— WORK ORDER —
For this exercise, return only the lines in the records below from the one holding "SENTER KEPALA CAS" through the one holding "Bingo Player C’est", including both, exactly as they appear and without pictures.

— RECORD EXTRACTS —
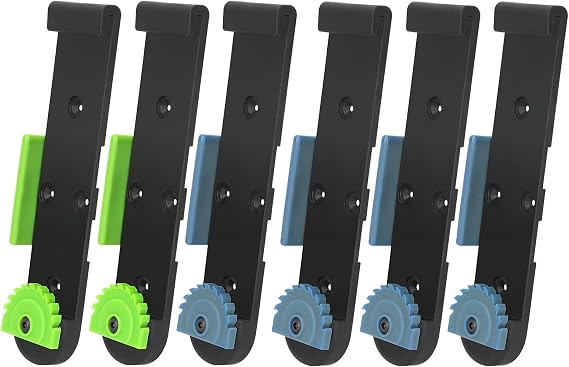 Track Saw Organizer for Guide Rail 6 Packs, 2 Green + 4 Blue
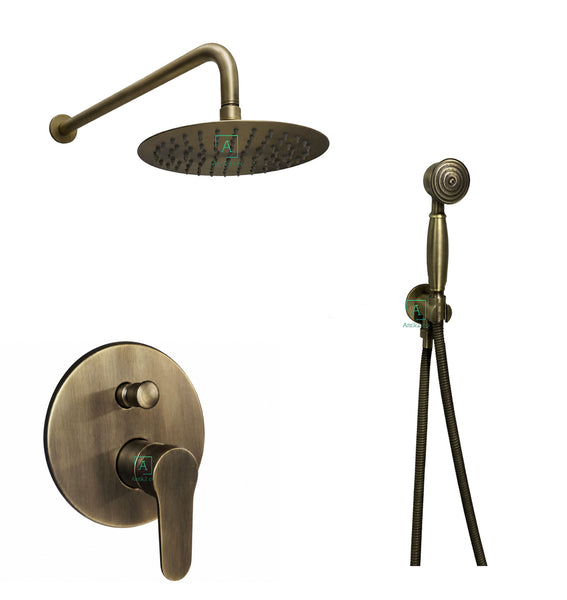 Mezclador Bronce Antiguo + Ducha  30cm y Teleducha
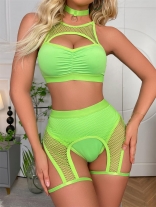 Green Women Nets Hollow Out Sexy Bra & Brief Sets Lingerie Garters Underwears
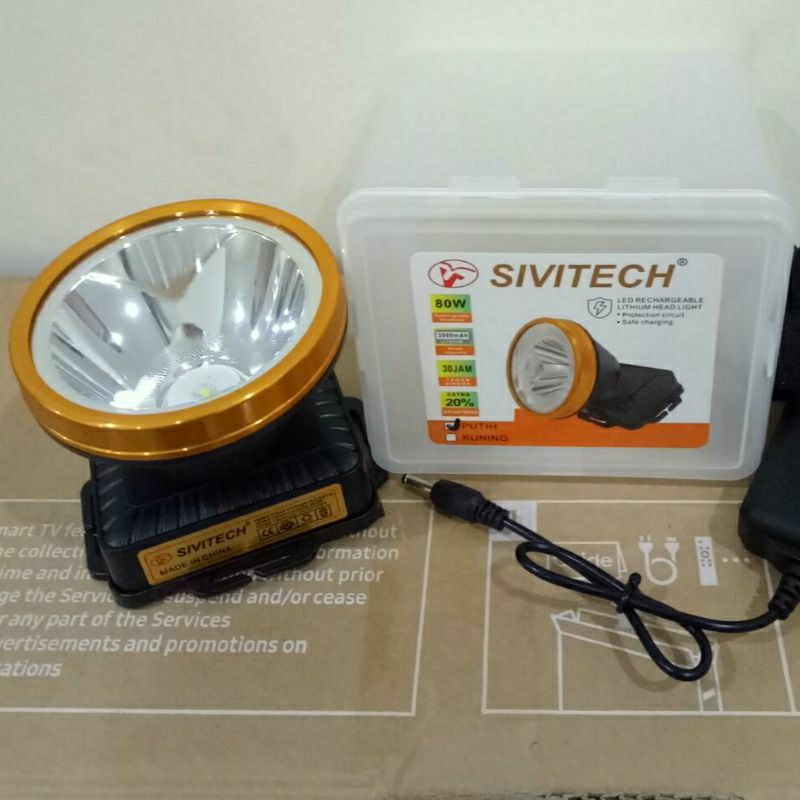 SENTER KEPALA CAS CHARGER SIVITECH 80 WATT PUTIH LAMPU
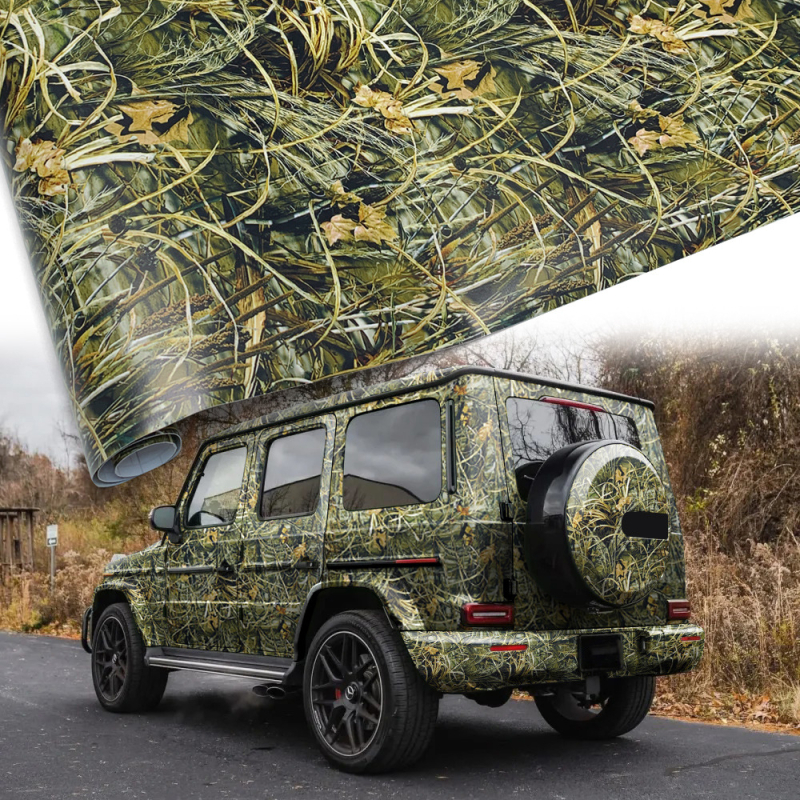 Autokere wrap-kile metsakamuflaažmustriga, PVC, universaalne ühilduvus, bränd Cheshjong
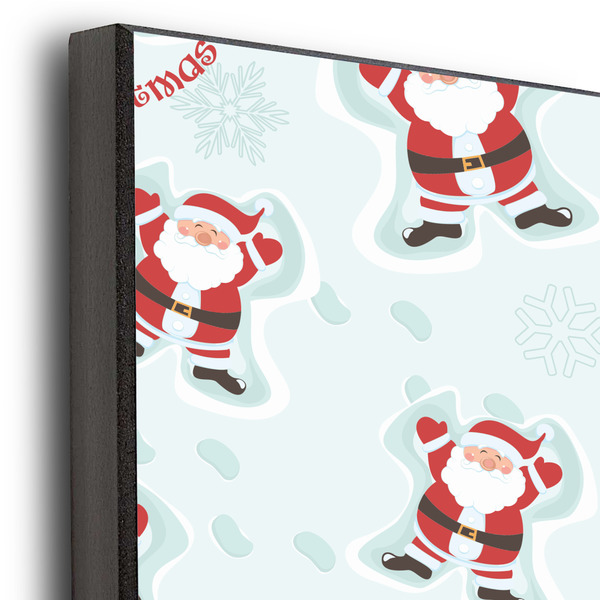 Santa Clause Making Snow Angels 16x20 Wood Print - Closeup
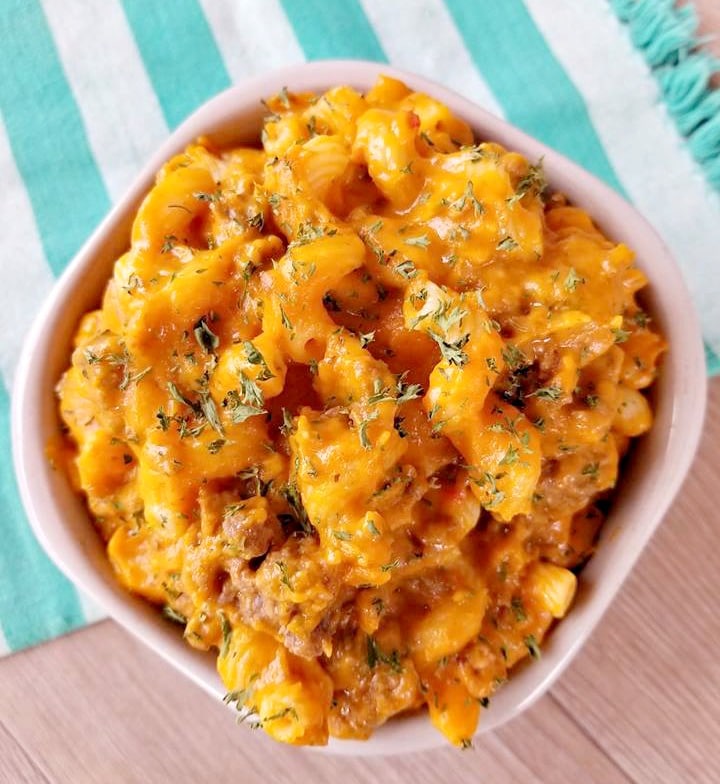 Pumpkin Hamburger Mac and Cheese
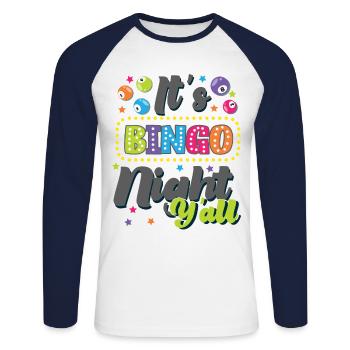 Bingo Player C’est la soirée bingo - T-shirt baseball manches longues Homme - blanc/marine - Devant - Nik (191cm)
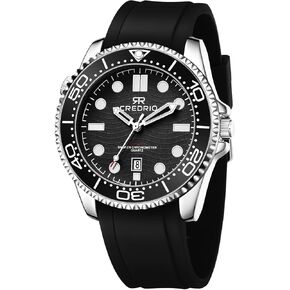 Mens Watches Waterproof Rubber Band Watch for Men Luminous Hands and Markers Date Display Wrist Watch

— RESULT FOR THIS EXERCISE —
 SENTER KEPALA CAS CHARGER SIVITECH 80 WATT PUTIH LAMPU
 Autokere wrap-kile metsakamuflaažmustriga, PVC, universaalne ühilduvus, bränd Cheshjong
 Santa Clause Making Snow Angels 16x20 Wood Print - Closeup
 Pumpkin Hamburger Mac and Cheese
 Bingo Player C’est la soirée bingo - T-shirt baseball manches longues Homme - blanc/marine - Devant - Nik (191cm)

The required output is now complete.